EXTERNAL_PREREQUISITES_NOT_MET if the bdq:sourceAuthority was not available; INTERNAL_PREREQUISITES_NOT_MET if all of dwc:kingdom, dwc:phylum, dwc:class, dwc:order, dwc:family, dwc:genus, dwc:genericName, dwc:specificEpithet and dwc:scientificName are EMPTY or if dwc:taxonId is not EMPTY; AMENDED if a value for dwc:taxonID is unique and resolvable on the basis of the value of dwc:scientificName, dwc:acceptedNameUsageID, or dwc:origionalNameUsageID, or an unambiguous combination of any of the lowest ranking not EMPTY taxon classification terms dwc:infraspecificEpithet, dwc:cultivarEpithet, dwc:specificEpithet, dwc:infragenericEpithet, dwc:genus, dwc:genericName, dwc:subfamily, dwc:family, dwc:class, dwc:order, dwc:phylum, dwc:kingdom, dwc:higherClassification, dwc:vernacularName, in conjunction with dwc:scientificNameAuthorship and dwc:taxonRank; otherwise NOT_AMENDED

Some of my thinking: 1). in the INTERNAL_PREREQUISITES_NOT_MET - dwc:subfamily dwc:subgenericEpithet, dwc:subfamily, dwc:infraspecificEpithet, etc. cannot on their own give you the TAXONID. With dwc:infraspecificEpithet, for example - you'd need to have at least the dwc:species.

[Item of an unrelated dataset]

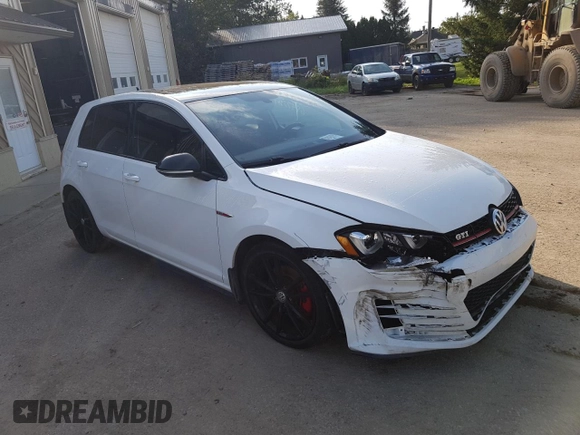 2017 Volkswagen GTI S with VIN 3VW4T7AU9HM053417, listed as a Copart auction lot 68977944 with Not Provided miles and Salvage Title. Bid and sale history available at DreamBid. Image 4.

  1. I have added dwc:genericName and dwc:specificEpithet the former is new - the latter was missing in previous version.
  2. I have added dwc:taxonId is not EMPTY (it was missing in the previous version - but you aren't going to change it if it already has a TAXONID. 4). The taxonID could be obtained from dwc:scientificName, dwc:acceptedNameUsageID, or dwc:origionalNameUsageID without any other information (they all include the authorship information, etc.). All the others require a combination of two or more terms and in conjunction with dwc:scientificNameAuthorship if there are homonyms to separate them. 5). I am not sure where dwc:taxonRank should fit within that formula. I don't think it is correct where it is, and it is not a "classification term" so doesn't belong with the others.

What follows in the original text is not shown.